# Getting started switch rod steelhead



## rustyolddad (Aug 12, 2014)

Went to Chagrin River outfitters this weekend and listened to some great discussions about spey casting for steelhead. Have always wanted to use a switch rod and now is the time!

Current thoughts: thinking I will start with a switch rod, 11-6 .....7 weight. Skagit head with integrated running line, 5-5 sink tip. Questions is on equipment:

Cabela spey rod $174 on sale vs Scott entry level $550 !!
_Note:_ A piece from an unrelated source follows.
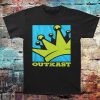 Outkast Crown t shirt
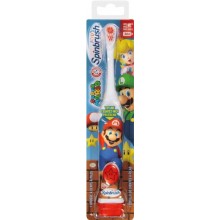 SPINBRUSH Super Mario Kid Powered Brosse à dents éléctrique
Battenkill IV spey( orvis) under $200 VS Hydro...or who knows what else at $500

I don't mind spending money on a quality item...but are they that much different??


----------



## lunker23 (Jun 28, 2013)

Ever consider an Orvis Clearwater 7 weight 11' switch? Or an Orvis Access Large Arbor reel to get you started? All you'll need is Skagit head with running line and sink tip.
If you want to talk, I have these items and they're practically brand new. Good cheap way to get into the 2 handed craze.


----------



## rustyolddad (Aug 12, 2014)

Thanks Lunker I will keep that in mind.....I think I am going with a Scott L2H and battenkill reel. I like the weight ratio and the action in the rod.......but then again who knows tomorrow.....


----------



## lunker23 (Jun 28, 2013)

No sweat, but whatever you do, have fun with the 2 handed rod because they are a blast.


----------



## rustyolddad (Aug 12, 2014)

Got out on the river this past weekend, definitely have some learning to do. However, I was shooting line 60 ft plus with no back cast...what a great way to fish!


----------



## Bwana J (Sep 12, 2010)

Welcome to the wonderful sport of two handed casting, you never stop learning with this sport.


----------